A long long time ago, BGP implementations would use a Maximum Segment Size (MSS) of 536 bytes for BGP peerings. Why 536? Because in RFC 791, the original IP RFC, the maximum length of a datagram is defined as follows:
Total Length: 16 bits Total Length is the length of the datagram, measured in octets, including internet header and data. This field allows the length of a datagram to be up to 65,535 octets. Such long datagrams are impractical for most hosts and networks. All hosts must be prepared to accept datagrams of up to 576 octets (whether they arrive whole or in fragments). It is recommended that hosts only send datagrams larger than 576 octets if they have assurance that the destination is prepared to accept the larger datagrams. The number 576 is selected to allow a reasonable sized data block to be transmitted in addition to the required header information. For example, this size allows a data block of 512 octets plus 64 header octets to fit in a datagram. The maximal internet header is 60 octets, and a typical internet header is 20 octets, allowing a margin for headers of higher level protocols.

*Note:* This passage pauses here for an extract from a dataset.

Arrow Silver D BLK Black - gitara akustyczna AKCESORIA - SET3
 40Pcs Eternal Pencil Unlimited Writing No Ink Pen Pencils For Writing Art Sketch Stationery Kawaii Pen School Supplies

The idea was to allow for 512 octets of data plus headers. Because the IP header and TCP header, without options, are 20 bytes, respectively, that means MSS would be 576-40 = 536 bytes.
Now, one could argue that because BGP uses TCP as transport, and that the MSS is advertised (not negotiated), then it would be safe to use a higher value. However, that makes the assumption that the path between the peers can support it. The safe assumption was to only assume the minimal that was required according to the standard, 576 bytes of IP datagrams.
The drawback of using a MSS of 536 bytes is that it’s not very efficient. Most networks support an MTU of at least 1500 bytes. Without any IP or TCP options, that leaves an MSS of 1460 bytes. Using only 536 bytes would mean that we are only operating at roughly 37% efficiency (536/1460). This was perhaps acceptable when the number of prefixes were low, but now you’ll typically see a million prefixes in the Default Free Zone (DFZ) and millions of routes in MPLS VPN networks. Only using 536 bytes would lead to convergence issues as having to send many updates to cover all the Network Layer Reachability Information (NLRI).
What do we do to become more efficient? There is a well-known mechanism called Path MTU Discovery (PMTUD). With PMTUD, we send as large datagrams as we can and rely on that devices not supporting the size of the datagram, responds back with ICMP packet, specifically Type 3 Code 4 – Fragmentation needed (for IPv4), informing us to send a smaller datagram. This works well as long as the ICMP packets can be received.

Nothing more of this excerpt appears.